The 30-year-old Fort Wayne man was found lifeless the morning of Oct. 19, his body lying in a ravine off the 6600 block of Fairfield Avenue.
Anton Moore was one of two people in the Moore family killed by gunfire in 2016, a year that claimed 48 lives, a homicide record in Allen County. Minutes after the discovery of his body, his girlfriend, Jaime Lynn Klein, also 30, was found stabbed to death in New Haven.
Ten weeks after her son’s death, Dorothy Moore is still in shock, her gestures those of someone wrestling a great pain. Calm comes for a second and then leaves her.
“I know I’m not the first one and I’m not going to be the last and it’s OK,” she said. “But just seeing my baby in that coffin. . Who does that?”
It’s a question she asked repeatedly during a recent interview at her south-side home. While she talks, she digs her hands deeper into the hands of two mainstays in her life.
Angela Martin, Anton’s half sister, and Chandra “Potta” Pinkston, an aunt, hold her fast between the two of them, steadying her as she rocks occasionally to one side. They are related to her through Anton’s father, Ernest Craig, who died in 2010.
Anton, Pinkston said, was the image of her brother, Ernest Craig, with the same friendly, warm and generous personality. Anton made some bad choices and had been incarcerated, although his aunt says his incarceration was not recent.
But he was kind to a fault. If anyone had wanted something from him, he would have given it to them, Dorothy Moore insists.
Her loss has affected her to the point that Moore said her doctor ordered her to stop working. For 21 years, she has been a certified nursing assistant, taking care of other people, as she said.
Now she is fighting depression and takes medication. She admits she is drinking alcohol again, something she started five years ago when she found her boyfriend dead of an overdose. She had been clean after going through rehab recently, she said.
“I want to be OK because, at the end of the day, regardless of how I feel, Anton is not coming back,” Moore said. “But let me grieve right now. I’m a mama and I loved my baby.”
It wouldn’t have been as bad if he’d died of natural causes, Moore said.
“I would have felt bad, but not this bad,” Moore said. “Nobody had a reason to just . kill him.”
Moore said she visits therapists and psychiatrists three times a week, but otherwise, she rarely leaves the home she’s owned for 11 years.
What she is going through isn’t unusual.
“Gradually, inch by inch, you will find strength,” said Angela Presley, who founded Alonna’s Song, a Facebook support group for mothers whose children have died. Presley lost her daughter, Alonna Allison, 17, in August 2015 when a stray bullet struck her at a bonfire party on Schaper Drive.
“Be surrounded by loved ones,” Presley counseled in answer to a Journal Gazette inquiry. “I was lucky. I didn’t move for three months. My mom took care of me.”
The morning Moore’s son was found, another gruesome discovery was made in New Haven. His girlfriend, Klein, had been stabbed multiple (Moore says it was 62) times at her home on Hartzell Road.

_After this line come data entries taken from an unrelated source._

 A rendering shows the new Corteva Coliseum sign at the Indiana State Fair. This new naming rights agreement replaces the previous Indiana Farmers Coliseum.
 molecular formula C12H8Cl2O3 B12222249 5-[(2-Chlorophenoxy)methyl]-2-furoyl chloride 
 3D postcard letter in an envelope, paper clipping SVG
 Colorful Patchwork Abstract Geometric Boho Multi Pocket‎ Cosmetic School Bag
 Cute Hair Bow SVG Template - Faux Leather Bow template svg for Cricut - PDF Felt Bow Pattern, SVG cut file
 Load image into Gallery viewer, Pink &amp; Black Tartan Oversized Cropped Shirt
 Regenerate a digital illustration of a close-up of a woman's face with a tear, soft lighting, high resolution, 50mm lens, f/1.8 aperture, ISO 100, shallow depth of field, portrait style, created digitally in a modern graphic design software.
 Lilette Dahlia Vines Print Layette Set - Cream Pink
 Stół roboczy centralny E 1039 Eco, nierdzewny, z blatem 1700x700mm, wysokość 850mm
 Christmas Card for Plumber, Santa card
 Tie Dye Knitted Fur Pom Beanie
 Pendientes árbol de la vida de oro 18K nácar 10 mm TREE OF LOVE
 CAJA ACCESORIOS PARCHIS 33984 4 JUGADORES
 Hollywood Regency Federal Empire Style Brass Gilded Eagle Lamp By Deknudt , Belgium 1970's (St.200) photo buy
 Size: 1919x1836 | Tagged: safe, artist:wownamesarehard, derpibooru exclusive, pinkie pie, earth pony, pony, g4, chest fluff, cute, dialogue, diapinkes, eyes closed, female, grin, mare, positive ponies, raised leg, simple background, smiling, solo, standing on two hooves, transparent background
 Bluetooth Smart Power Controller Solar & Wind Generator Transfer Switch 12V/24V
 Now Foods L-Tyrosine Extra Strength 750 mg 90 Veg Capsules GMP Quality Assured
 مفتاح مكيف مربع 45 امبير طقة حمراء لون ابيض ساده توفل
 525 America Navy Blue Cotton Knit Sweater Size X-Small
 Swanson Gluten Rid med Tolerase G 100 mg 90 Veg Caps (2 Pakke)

Klein’s 5-year-old daughter was there when her mother was killed, Moore said. As bad as she feels about her own loss, she said she feels even worse for that little girl.
Her son wasn’t Moore’s only loss in 2016. Not even a month before Anton’s death, her brother, Robert “Bobby” Moore, 55, was shot dead. He was killed Sept. 20 around 11 p.m. as he stood on his sister’s porch on Avondale Drive with his brother, Charles, and Charles’ girlfriend.
Kahmarri Spencer, 18, and Trevon Sullivan, 21, charged with his murder on Dec. 20 in Allen Superior Court, told police his death was an accident - they were seeking a rival gang member. No arrests have been made in connection with Anton Moore’s or Jaime Lynn Klein’s deaths.
Charles Moore, who is close to his sister, Dorothy, said he was still hurting for his brother, Bobby, when he stood to speak at Anton’s funeral.
“Something has to stop,” Charles told the mourners who packed Kingdom Door Christian Worship Center on East Pontiac Street.
“This has got to stop. Is there something in the water? Something in the air? It ain’t been 25 days since I buried my brother.”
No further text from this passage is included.